Рано утром постучала блондинка:
«Гражданочка, пора вам вставать. Время уже.»
Талла немедленно поднялась — все равно не спала. Она быстро привела себя в порядок и в сопровождении блондинки прошла все отъездные формальности. Вручив ей билет и взяв за него положенную сумму, её провели какими-то коридорами прямо к самолёту и минуя очередь завели в салон. Самолёт быстро наполнился и двинулся на взлёт. Блондинка и город, где столько было прожито, оказались под крылом самолёта и вскоре изчезли.
В Москве ей удалось быстро провернуться и попасть на последний рейс, идущий в её город. Может случайно, а может нет в салоне оказался сотрудник госбезопасности капитан Аболдуев. Был он одет в хорошо сшитой штатский костюм и держал в руках роскошный букет сирени.

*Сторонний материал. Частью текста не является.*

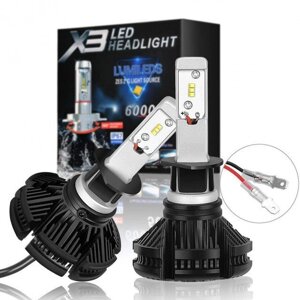 Світлодіодні LED лампи headlight X3 H7 6000K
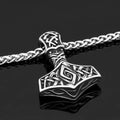 Vikings Thor's Hammer Stainless Steel Necklace - 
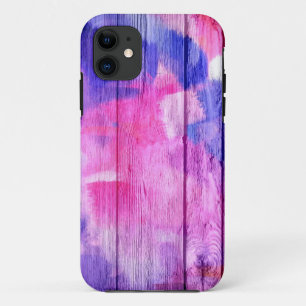 Farbige Acrylmalerei auf Holz #7 Case-Mate iPhone Hülle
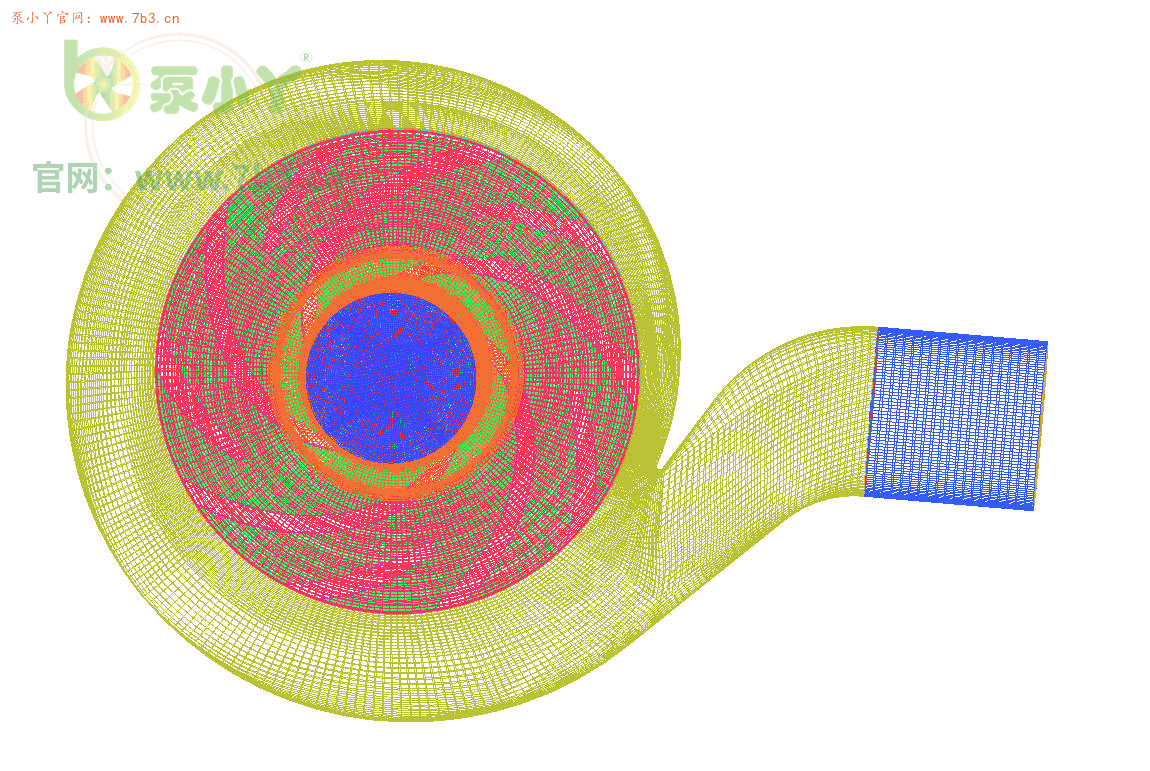 分享一套ICEM离心泵的全结构化网格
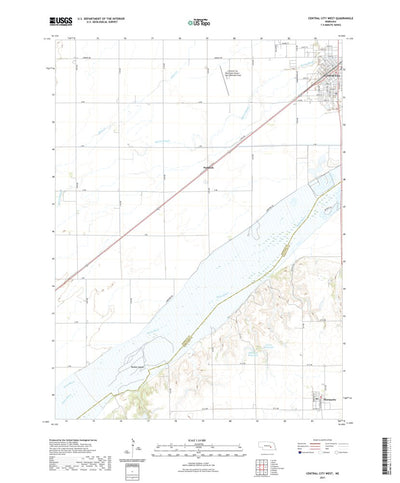 United States Geological Survey Central City West, NE (2021, 24000-Scale) digital map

Прилетев в свой тихий старый город, она взяла такси и вскоре уже стучалась в дверь своей квартиры.
«Ты одна?» — спросил муж, не открывая однако дверь.
«Одна, одна» — бессильно произнесла она и дверь открылась.
......................................................................................
Прошло много лет со времени описываемых событий. Многое изменилось в стране и в мире. Но не с таких ли историй начались эти изменения?